To introduce order and coherence into the mind’s conception of this seeming chaos of dissimilar and disjointed appearances, it was necessary to deduce all their qualities, operations, and laws of succession, from those of some particular things, with which it was perfectly acquainted and familiar, and along which its imagination could glide smoothly and easily, and without interruption. But as we would in vain attempt to deduce the heat of a stove from that of an open chimney, unless we could show that the same fire which was exposed in the one, lay concealed in the other; so it was impossible to deduce the qualities and laws of succession, observed in the more uncommon appearances of Nature, from those of such as were more familiar, if those customary objects were not supposed, however disguised in their appearance, to enter into the composition of those rarer and more singular phenomena.
To render, therefore, this lower part of the great theatre of nature a coherent spectacle to the imagination, it became necessary to suppose, first, That all the strange objects of which it consisted were made up out of a few, with which the mind was extremely familiar: and secondly, That all their qualities, operations and rules of succession, were no more than different diversifications of those to which it had long been accustomed, in these primary and elementary objects.
Of all the bodies of which these inferior parts of the universe seem to be composed, those with which we are most familiar, are the Earth, which we tread upon; the Water, which we every day use; the Air, which we constantly breathe; and the Fire, whose benign influence is not only required for preparing the common necessaries of life, but for the continual support of that vital principle which actuates both plants and animals.

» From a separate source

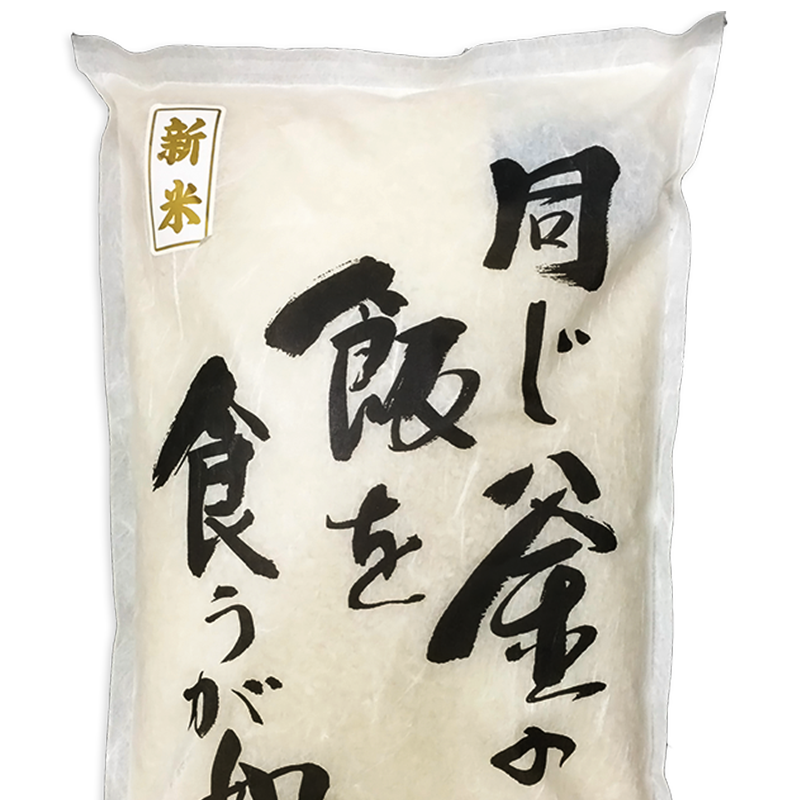 同じ釜の飯を食うが如し(加工米） 商品写真2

These therefore, were by Empedocles, and the other philosophers of the Italian school, supposed to be the elements, out of which, at least, all the inferior parts of nature were composed. The familiarity of those bodies to the mind, naturally disposed it to look for some resemblance to them in whatever else was presented to its consideration. The discovery of some such resemblance united the new object to an assortment of things, with which the imagination was perfectly acquainted. And if any analogy could be observed betwixt the operations and laws of succession of the compound, and those of the simple objects, the movement of the fancy, in tracing their progress, became quite smooth, and natural, and easy.

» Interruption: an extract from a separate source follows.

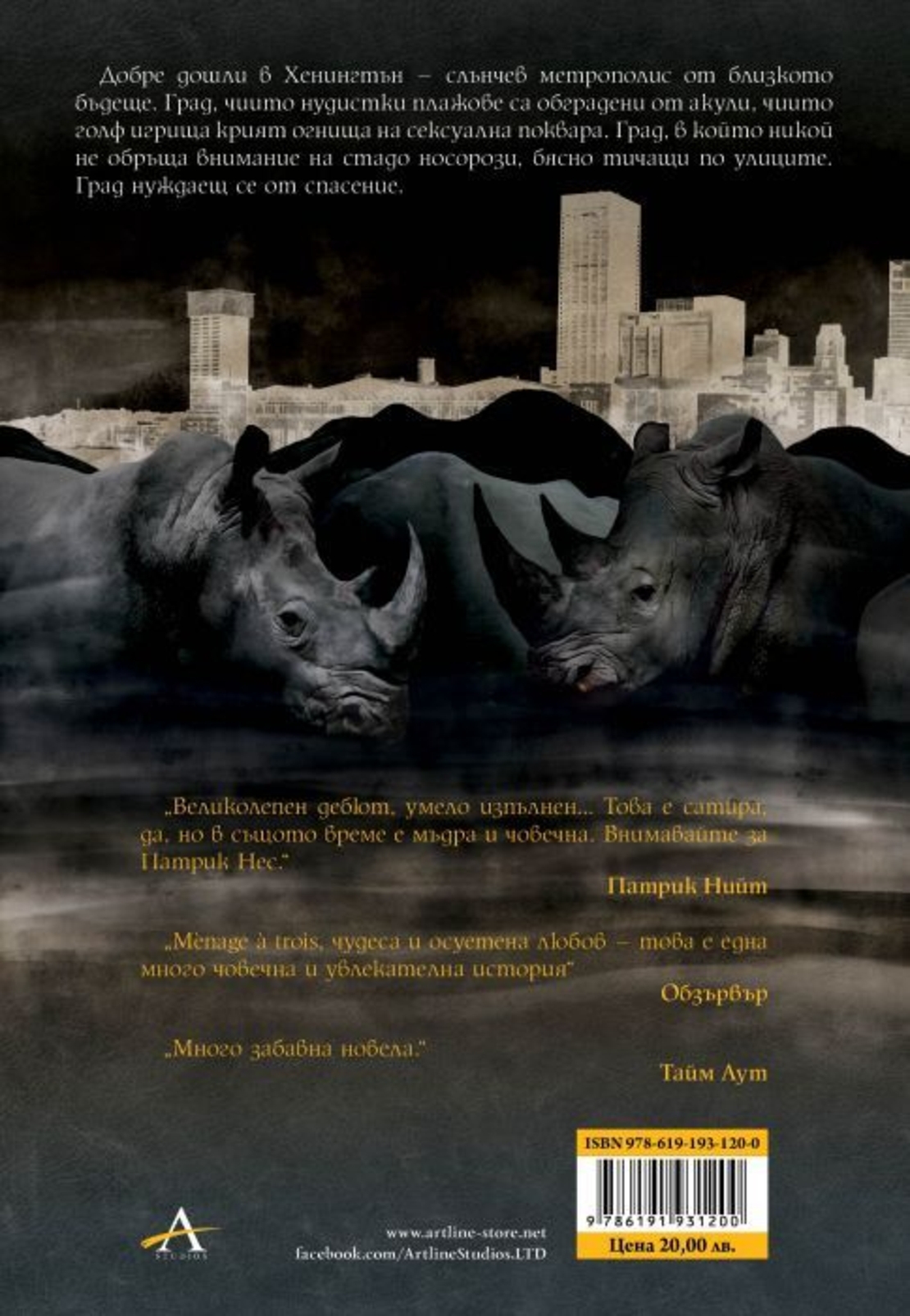 Спасението на Хенингтън - Патрик Нес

This natural anticipation, too, was still more confirmed by such a slight and inaccurate analysis of things, as could be expected in the infancy of science, when the curiosity of mankind, grasping at an account of all things before it had got full satisfaction with regard to any one, hurried on to build, in imagination, the immense fabric of the universe. The heat, observed in both plants and animals, seemed to demonstrate, that Fire made a part of their composition. Air was not less necessary for the subsistence of both, and seemed, too, to enter into the fabric of animals by respiration, and into that of plants by some other means. The juices which circulated through them showed how much of their texture was owing to Water. And their resolution into Earth by putrefaction discovered that this element had not been left out in their original formation. A similar analysis seemed to show the same principles in most of the other compound bodies.
The vast extent of those bodies seemed to render them, upon another account, proper to be the great stores out of which nature compounded all the other species of things. Earth and Water divide almost the whole of the terrestrial globe between them. The thin transparent covering of the Air surrounds it to an immense height upon all sides. Fire, with its attendant, light, seems to descend from the celestial regions, and might, therefore, either be supposed to be diffused through the whole of those etherial spaces, as well as to be condensed and conglobated in those luminous bodies, which sparkle across them, as by the Stoics; or, to be placed immediately under the sphere of the Moon, in the region next below them, as by the Peripatetics, who could not reconcile the devouring nature of Fire with the supposed unchangeable essence of their solid and crystalline spheres.
The qualities, too, by which we are chiefly accustomed to characterize and distinguish natural bodies, are all of them found, in the highest degree in those Four Elements. The great divisions of the objects, near the surface of the Earth, are those into hot and cold, moist and dry, light and heavy. These are the most remarkable properties of bodies; and it is upon them that many of their other most sensible qualities and powers seem to depend. Of these, heat and cold were naturally enough regarded by those first enquirers into nature, as the active, moisture and dryness, as the passive qualities of matter. It was the temperature of heat and cold which seemed to occasion the growth and dissolution of plants and animals; as appeared evident from the effects of the change of the seasons upon both.
A proper degree of moisture and dryness was not less necessary for these purposes; as was evident from the different effects and productions of wet and dry seasons and soils. It was the heat and cold, however, which actuated and determined those two otherwise inert qualities of things, to a state either of rest or motion. Gravity and levity were regarded as the two principles of motion, which directed all sublunary things to their proper place: and all those six qualities, taken together, were, upon such an inattentive view of nature, as must be expected in the beginnings of philosophy, readily enough apprehended to be capable of connecting together the most remarkable revolutions, which occur in these inferior parts of the universe. Heat and dryness were the qualities which characterized the element of Fire; heat and moisture that of Air; moisture and cold that of Water; cold and dryness that of Earth. The natural motion of two of these elements, Earth and Water, was downwards, upon account of their gravity.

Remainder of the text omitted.